Spark SQL - Array Functions
• Spark SQL provides 50+ array functions that enable complex data transformations without UDFs, significantly improving performance through Catalyst optimizer integration and whole-stage code...
Key Insights
• Spark SQL provides 50+ array functions that enable complex data transformations without UDFs, significantly improving performance through Catalyst optimizer integration and whole-stage code generation.
• Functions like array_agg, flatten, and transform replace expensive explode-join-collect patterns, reducing shuffle operations and memory overhead in distributed processing.

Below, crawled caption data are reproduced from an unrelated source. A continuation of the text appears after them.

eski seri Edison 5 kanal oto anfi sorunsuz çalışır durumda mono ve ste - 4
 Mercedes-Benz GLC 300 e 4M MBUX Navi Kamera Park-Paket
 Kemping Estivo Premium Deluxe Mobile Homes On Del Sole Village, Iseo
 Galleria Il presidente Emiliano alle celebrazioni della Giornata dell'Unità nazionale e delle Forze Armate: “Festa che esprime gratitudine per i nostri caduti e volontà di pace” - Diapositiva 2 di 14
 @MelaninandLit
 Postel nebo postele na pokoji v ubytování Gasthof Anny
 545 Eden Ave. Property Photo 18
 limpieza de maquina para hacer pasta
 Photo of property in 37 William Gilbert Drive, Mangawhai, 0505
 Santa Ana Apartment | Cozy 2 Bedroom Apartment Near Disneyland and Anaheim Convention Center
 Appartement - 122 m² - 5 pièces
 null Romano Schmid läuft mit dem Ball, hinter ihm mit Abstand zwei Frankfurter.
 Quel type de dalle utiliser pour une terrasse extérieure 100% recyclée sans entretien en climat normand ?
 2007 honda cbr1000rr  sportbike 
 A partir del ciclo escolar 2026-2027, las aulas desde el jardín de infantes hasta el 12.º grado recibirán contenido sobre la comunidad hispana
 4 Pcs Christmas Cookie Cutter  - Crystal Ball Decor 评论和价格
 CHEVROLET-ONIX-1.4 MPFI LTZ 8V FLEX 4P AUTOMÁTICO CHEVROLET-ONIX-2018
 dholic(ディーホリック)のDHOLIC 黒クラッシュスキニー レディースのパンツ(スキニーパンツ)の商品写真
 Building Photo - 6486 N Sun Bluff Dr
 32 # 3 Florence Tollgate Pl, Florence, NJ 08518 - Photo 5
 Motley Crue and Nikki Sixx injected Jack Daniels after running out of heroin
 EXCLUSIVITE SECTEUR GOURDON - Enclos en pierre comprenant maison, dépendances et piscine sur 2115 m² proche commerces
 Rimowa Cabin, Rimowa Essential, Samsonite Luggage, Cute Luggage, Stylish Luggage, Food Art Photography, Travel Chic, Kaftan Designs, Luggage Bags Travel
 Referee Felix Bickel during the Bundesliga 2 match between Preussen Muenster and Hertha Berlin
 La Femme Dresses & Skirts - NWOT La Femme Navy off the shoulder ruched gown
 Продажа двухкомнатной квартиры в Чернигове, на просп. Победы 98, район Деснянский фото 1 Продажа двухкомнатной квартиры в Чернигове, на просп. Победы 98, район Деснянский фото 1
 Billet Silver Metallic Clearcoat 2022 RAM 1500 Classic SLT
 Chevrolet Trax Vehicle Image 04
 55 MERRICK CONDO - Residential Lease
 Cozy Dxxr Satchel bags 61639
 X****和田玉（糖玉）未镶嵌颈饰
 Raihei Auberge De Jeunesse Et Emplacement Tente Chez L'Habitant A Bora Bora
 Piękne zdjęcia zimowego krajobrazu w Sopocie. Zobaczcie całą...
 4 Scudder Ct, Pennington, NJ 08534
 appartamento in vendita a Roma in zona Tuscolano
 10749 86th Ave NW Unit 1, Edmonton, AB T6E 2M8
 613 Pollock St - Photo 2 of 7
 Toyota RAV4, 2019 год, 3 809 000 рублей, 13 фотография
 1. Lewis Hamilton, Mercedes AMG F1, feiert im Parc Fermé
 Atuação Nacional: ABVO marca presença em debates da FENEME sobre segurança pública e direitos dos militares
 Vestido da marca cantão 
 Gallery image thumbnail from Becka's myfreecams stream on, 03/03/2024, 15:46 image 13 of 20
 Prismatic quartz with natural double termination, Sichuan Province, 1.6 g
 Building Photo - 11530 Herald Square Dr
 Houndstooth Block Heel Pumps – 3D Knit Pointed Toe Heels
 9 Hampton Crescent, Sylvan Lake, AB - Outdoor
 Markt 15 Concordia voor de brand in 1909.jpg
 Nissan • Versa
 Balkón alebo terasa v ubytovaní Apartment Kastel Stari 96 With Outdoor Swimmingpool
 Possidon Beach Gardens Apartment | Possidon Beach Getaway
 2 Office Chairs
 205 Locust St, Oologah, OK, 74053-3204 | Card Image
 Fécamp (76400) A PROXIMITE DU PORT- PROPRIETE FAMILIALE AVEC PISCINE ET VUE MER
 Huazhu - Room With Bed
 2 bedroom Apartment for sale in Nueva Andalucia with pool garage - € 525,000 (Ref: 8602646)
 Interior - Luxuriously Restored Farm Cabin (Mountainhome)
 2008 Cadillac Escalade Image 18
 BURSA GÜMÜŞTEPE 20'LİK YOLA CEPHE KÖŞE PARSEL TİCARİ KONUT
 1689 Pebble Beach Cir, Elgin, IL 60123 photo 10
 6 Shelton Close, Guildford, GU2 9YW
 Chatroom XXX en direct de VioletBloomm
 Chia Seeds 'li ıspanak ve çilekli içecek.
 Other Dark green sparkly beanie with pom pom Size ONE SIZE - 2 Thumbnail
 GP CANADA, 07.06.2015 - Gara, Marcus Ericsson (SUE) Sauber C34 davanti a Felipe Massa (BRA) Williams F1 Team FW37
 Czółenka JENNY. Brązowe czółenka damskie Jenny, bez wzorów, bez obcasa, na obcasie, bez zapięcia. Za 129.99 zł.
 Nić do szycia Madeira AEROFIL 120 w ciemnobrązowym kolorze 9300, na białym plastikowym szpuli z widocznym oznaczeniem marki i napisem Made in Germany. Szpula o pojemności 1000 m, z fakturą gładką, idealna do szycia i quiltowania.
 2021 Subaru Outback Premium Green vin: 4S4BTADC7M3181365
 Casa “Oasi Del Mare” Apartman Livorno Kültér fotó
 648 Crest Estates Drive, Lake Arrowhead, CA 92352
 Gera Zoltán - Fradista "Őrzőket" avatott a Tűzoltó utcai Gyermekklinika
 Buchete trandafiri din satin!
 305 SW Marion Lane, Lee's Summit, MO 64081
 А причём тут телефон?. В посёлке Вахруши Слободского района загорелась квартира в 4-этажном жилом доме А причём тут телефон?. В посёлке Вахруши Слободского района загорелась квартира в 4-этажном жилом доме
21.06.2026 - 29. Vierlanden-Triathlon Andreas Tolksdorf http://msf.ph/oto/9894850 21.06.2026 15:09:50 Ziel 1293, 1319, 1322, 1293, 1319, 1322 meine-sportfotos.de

• Combining higher-order functions (transform, filter, aggregate) with lambda expressions enables functional programming paradigms directly in SQL, eliminating the need for custom Python or Scala code.
Core Array Construction and Manipulation
Spark SQL arrays form the foundation for handling nested data structures. The array() function creates arrays from columns or literals, while array_repeat() and sequence() generate arrays programmatically.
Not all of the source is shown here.